Get the works about regime shift:

from openalex_analysis.analysis import WorksAnalysis

concept_regime_shift_id = 'C2780893879'

wplt = WorksAnalysis(concept_regime_shift_id)

my_dataset = wplt.entities_df

Get the works about sustainability and regime shift

from openalex_analysis.analysis import WorksAnalysis

concept_regime_shift_id = 'C2780893879'
concept_sustainability = 'C66204764'
extra_filters = {
    'concepts':{'id':[concept_regime_shift_id, concept_sustainability]},
}

wplt = WorksAnalysis(extra_filters = extra_filters)

my_dataset = wplt.entities_df

Get the works about sustainability from the Stockholm Resilience Centre published in 2020

from openalex_analysis.analysis import WorksAnalysis

concept_sustainability = 'C66204764'
institution_src_id = "I138595864"
extra_filters = {
    'publication_year':2020,
    'authorships':{'institutions':{'id':institution_src_id}},
}

wplt = WorksAnalysis(concept_sustainability,
                     extra_filters = extra_filters)

my_dataset = wplt.entities_df

Basic analysis

In the example, we create a dataset with the works about sustainability.

This dataset can be used as it, it is stored in a parquet file (more optimized than CSV) on the computer and can be simply imported as a dataframe with Pandas.

After getting this dataset, we continue by extracting the most cited articles by the dataset. For that, we extract all the references of the articles present in the dataset and rank these references.

from openalex_analysis.plot import WorksPlot

concept_sustainability_id = 'C66204764'

# get the works about sustainability
wplt = WorksPlot(concept_sustainability_id)

print("\nFirst entities in the dataset:")
print(wplt.entities_df[['id', 'title']].head(3))

# compute the most cited works by the dataset previously downloaded
wplt.create_element_used_count_array('reference')

print("\nMost cited work within the dataset:")
print(wplt.element_count_df.head(3))
Loading dataframe of works of the concept C66204764
Loading the list of entities from a parquet file...

First entities in the dataset:
                                 id                                              title
0  https://openalex.org/W2101946146  Asset Stock Accumulation and Sustainability of...
1  https://openalex.org/W1999167944  Planetary boundaries: Guiding human developmen...
2  https://openalex.org/W2122266551  Agricultural sustainability and intensive prod... 

Getting name of C66204764 from the OpenAlex API (cache disabled)...
Creating the works references count of works C66204764...

Most cited work within the dataset:
                                  C66204764 Sustainability
element                                                   
https://openalex.org/W2026816730                       262
https://openalex.org/W2096885696                       249
https://openalex.org/W2103847341                       203

Concepts yearly count

In this example, we will create two datasets: one with the articles about sustainability of the SRC (Stockholm Resilience Centre) and one with the articles about sustainability of the UTT (University of Technology of Troyes).

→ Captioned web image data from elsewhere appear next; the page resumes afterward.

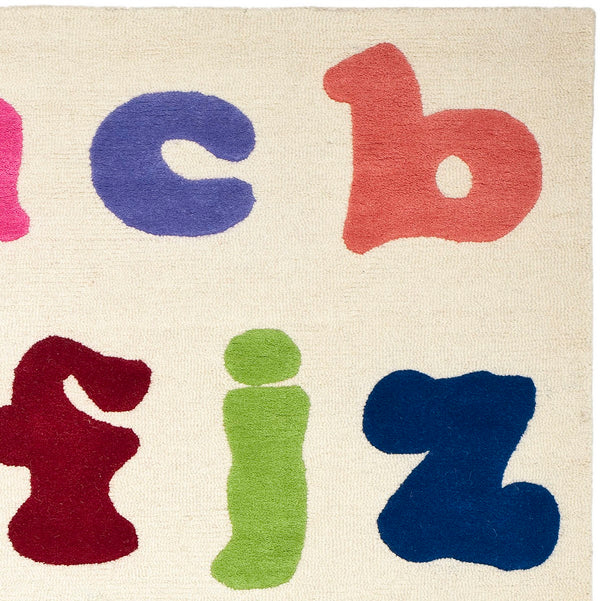 Safavieh Kids SFK389 Hand Tufted Rug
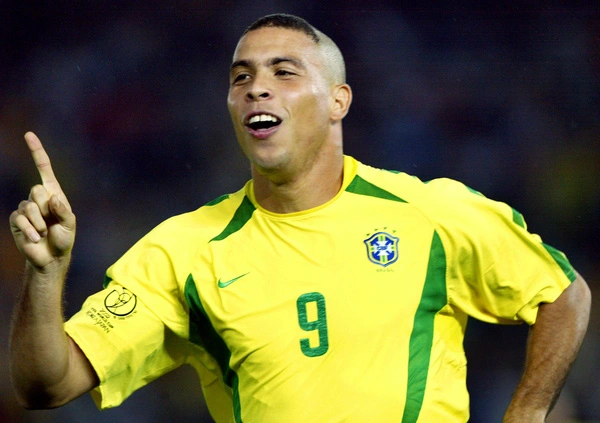 Ronaldo Luis Nazário De Lima số áo thi đấu là bao nhiêu
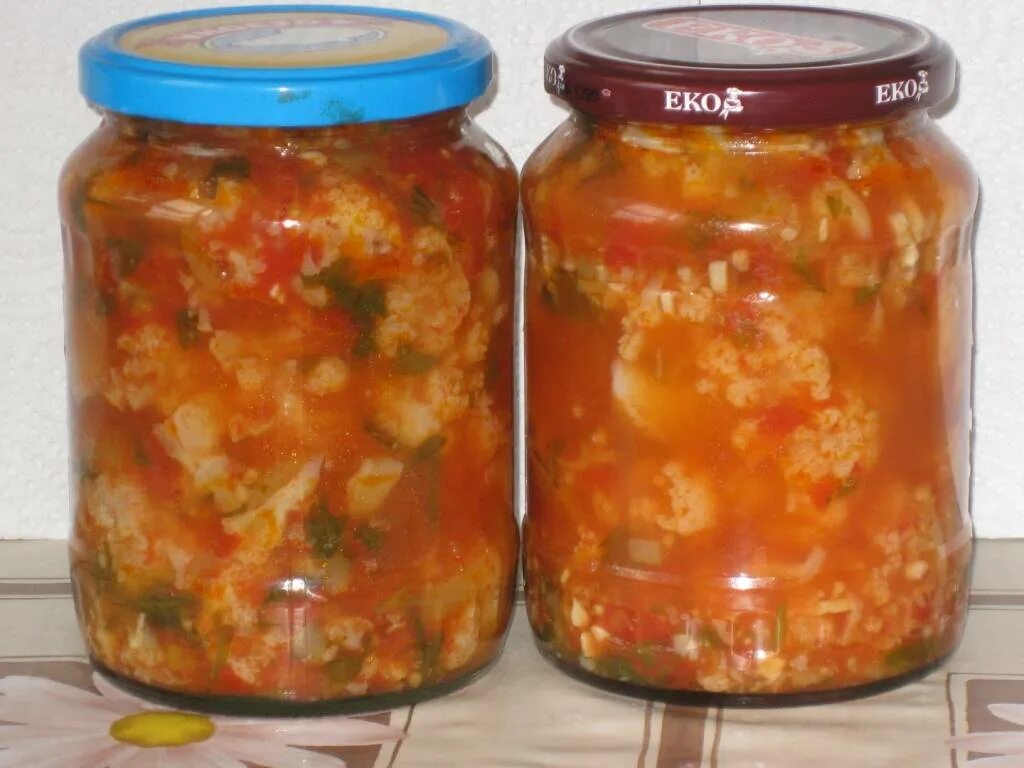 Заготовки из капусты на зиму рецепты. Салат из цветной капусты на зиму. салат с цветной капустой на зиму. салаты натзиму с цветной капустой. цветная капуста на зму.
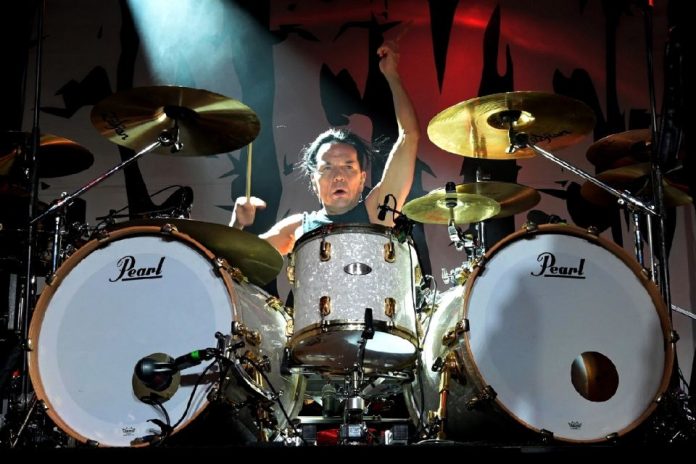 Jussi69 n Perustama Rock baari The Riff T ytt 10 Vuotta Metalliluola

We will then plot the yearly usage of the concept sustainability by these institutions (in this case it's equal to the number of articles in the dataset, as the dataset contains only the articles about sustainability).

We could also plot the yearly usage of other concepts or of the references by changing the parameters of the functions create_element_used_count_array() and get_figure_time_series_element_used_by_entities().

from openalex_analysis.plot import InstitutionsPlot, WorksPlot

concept_sustainability_id = 'C66204764'
# create the filter for the API to get only the articles about sustainability
sustainability_concept_filter = {"concepts": {"id": concept_sustainability_id}}

# set the years we want to count
count_years = list(range(2004, 2024))

institution_ids_list = ["I138595864", "I140494188"]
institution_names_list = ["Stockholm Resilience Centre", "University of Technology of Troyes"]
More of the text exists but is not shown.